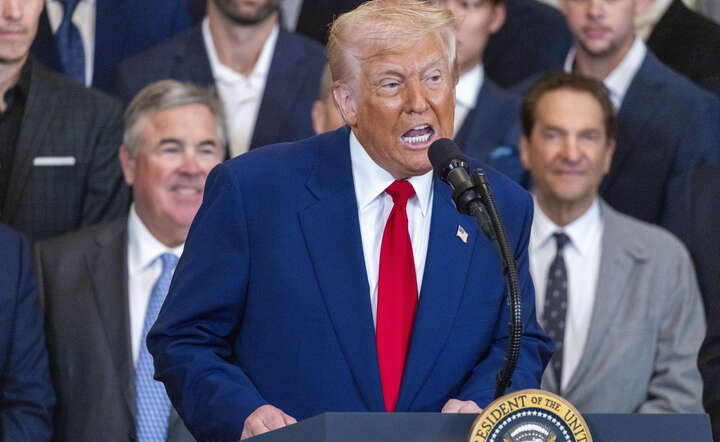Prezydent Donald Trump / autor: PAP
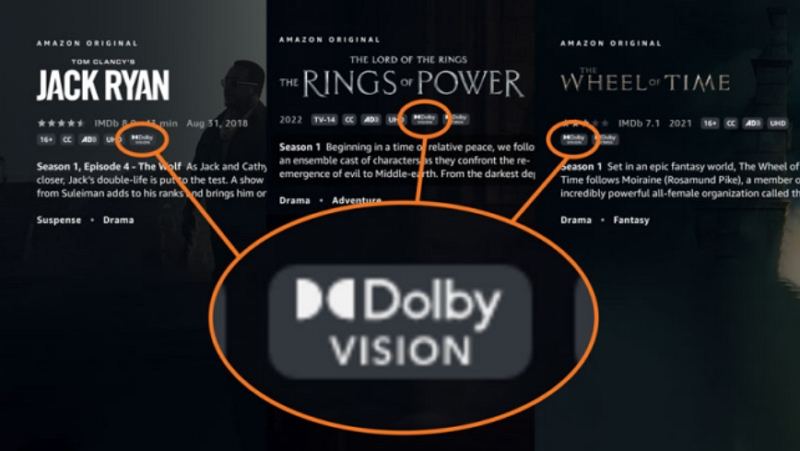 amazon prime video dolby vision hdr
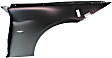 2006 BMW 325i - 7-Piece Kit Front Primed Bumper Cover, For Models Without M Package,  Includes (1) Bumper Cover, (2) Fender, and (4) Fender Liner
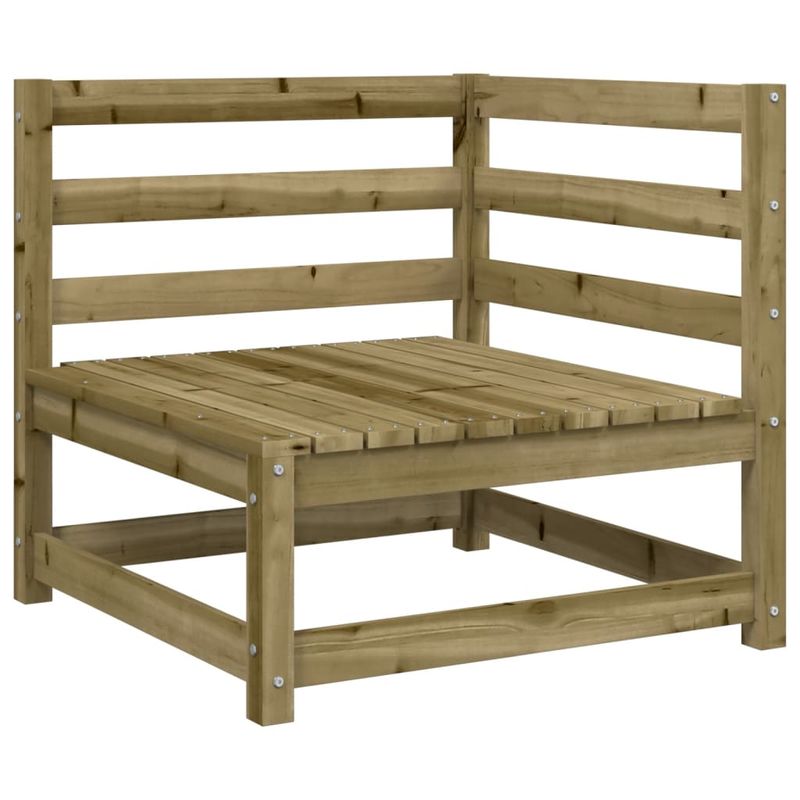 Casa si Gradina - Gradina si terasa - Mobilier exterior - Seturi mobila gradina - Set canapea de gradina, 8 piese, lemn de pin tratat - Infinity.ro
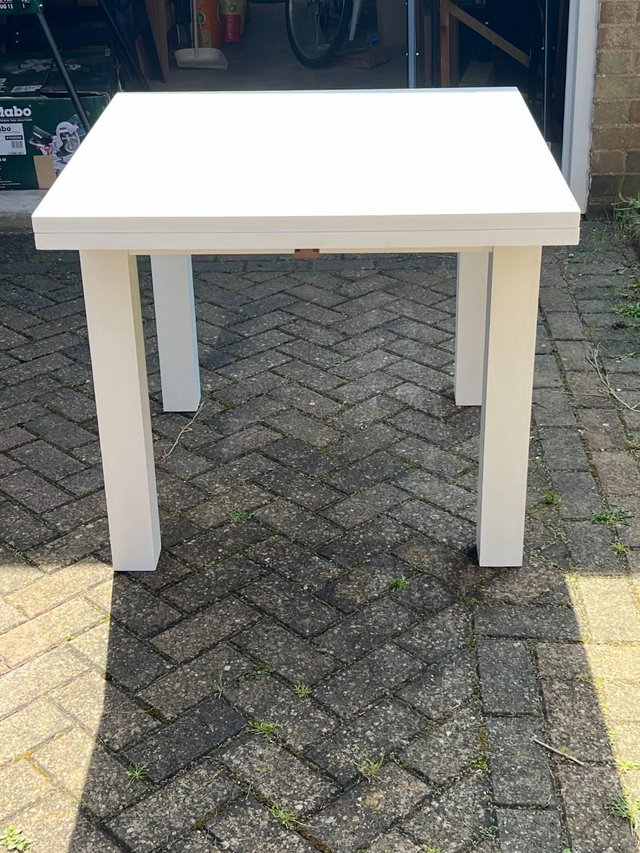 Preview of the first image of Dining Table White - Next Home.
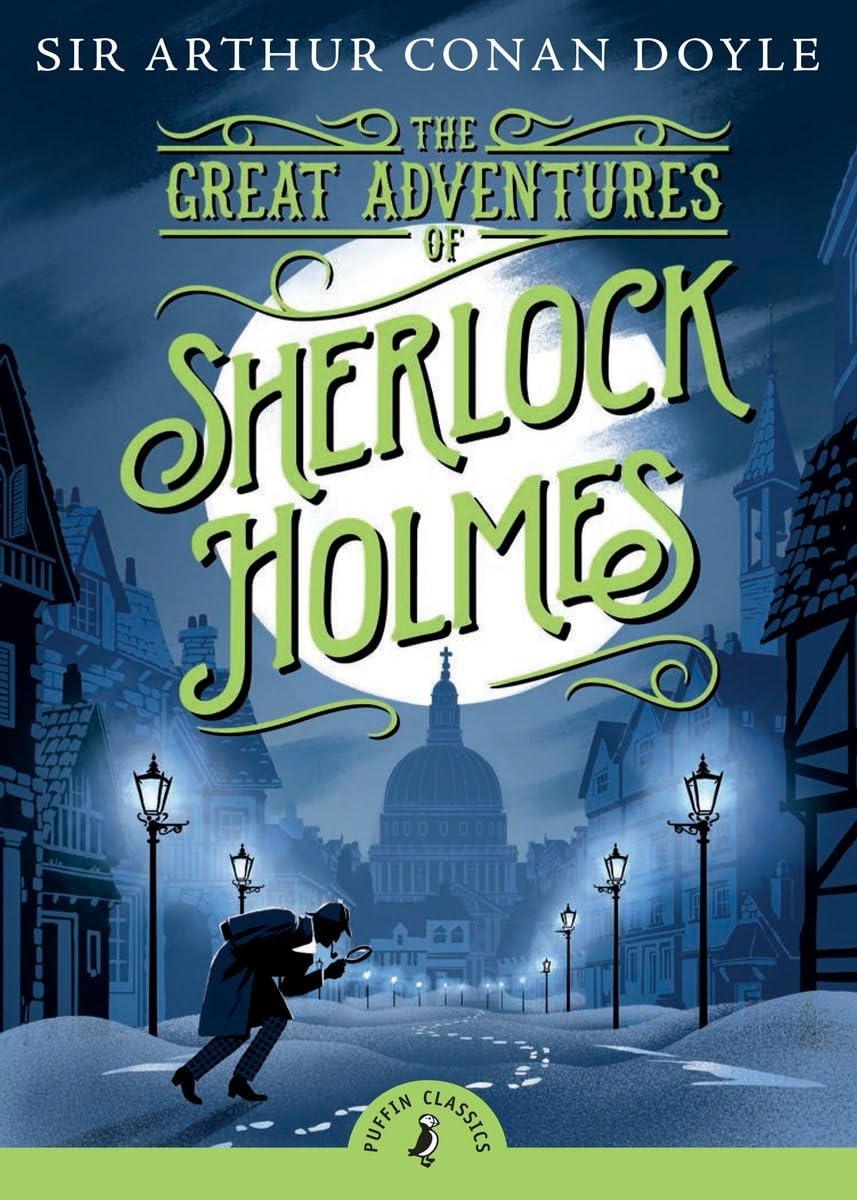 The Great Adventures of Sherlock Holmes (Puffin Classics),New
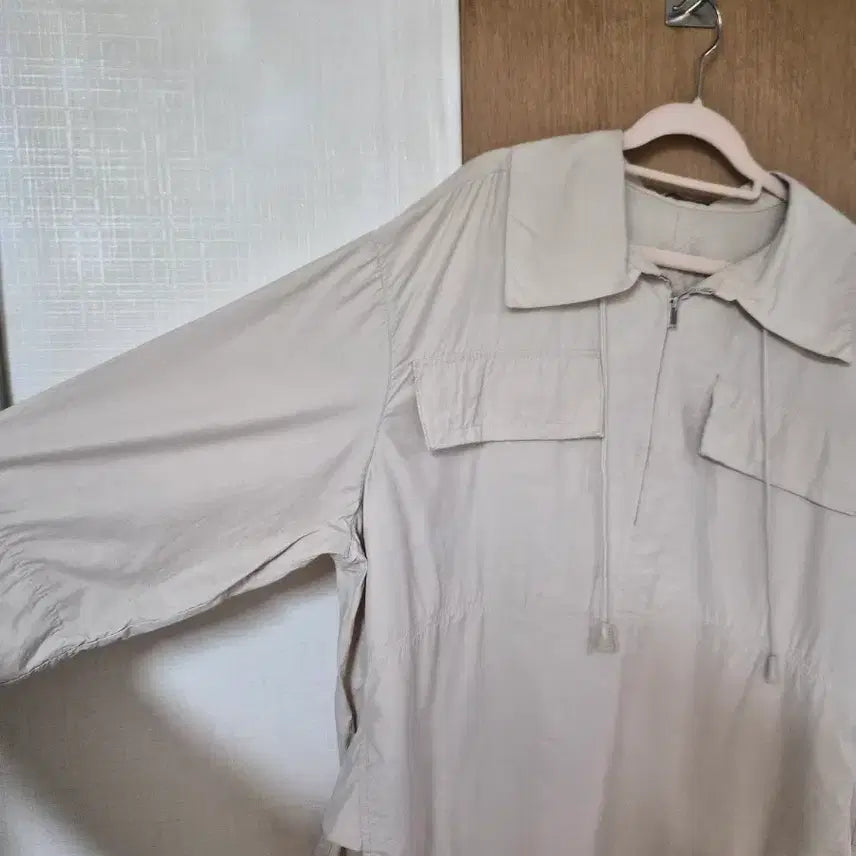 [BUNJANG] System Oversized Shirt Blouse / 시스템 오버핏 셔츠블라우스
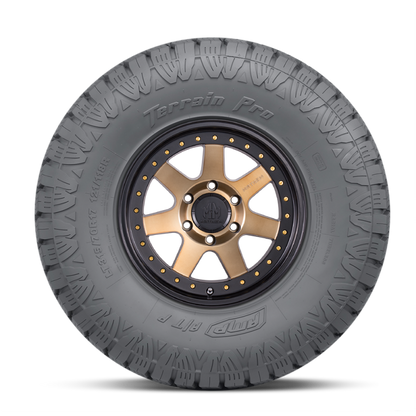 AMP Tires Terrain Pro A/T Tire - LT285/70R17 121/118R All-Terrain Radial with Long Tread Life and Enhanced Traction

• [EXERCISE DIRECTIONS] Where a picture appears in the material above, skip it, and print the rest exactly.

• [EXERCISE ANSWER]
Prezydent Donald Trump / autor: PAP
 amazon prime video dolby vision hdr
 2006 BMW 325i - 7-Piece Kit Front Primed Bumper Cover, For Models Without M Package,  Includes (1) Bumper Cover, (2) Fender, and (4) Fender Liner
 Casa si Gradina - Gradina si terasa - Mobilier exterior - Seturi mobila gradina - Set canapea de gradina, 8 piese, lemn de pin tratat - Infinity.ro
 Preview of the first image of Dining Table White - Next Home.
 The Great Adventures of Sherlock Holmes (Puffin Classics),New
 [BUNJANG] System Oversized Shirt Blouse / 시스템 오버핏 셔츠블라우스
 AMP Tires Terrain Pro A/T Tire - LT285/70R17 121/118R All-Terrain Radial with Long Tread Life and Enhanced Traction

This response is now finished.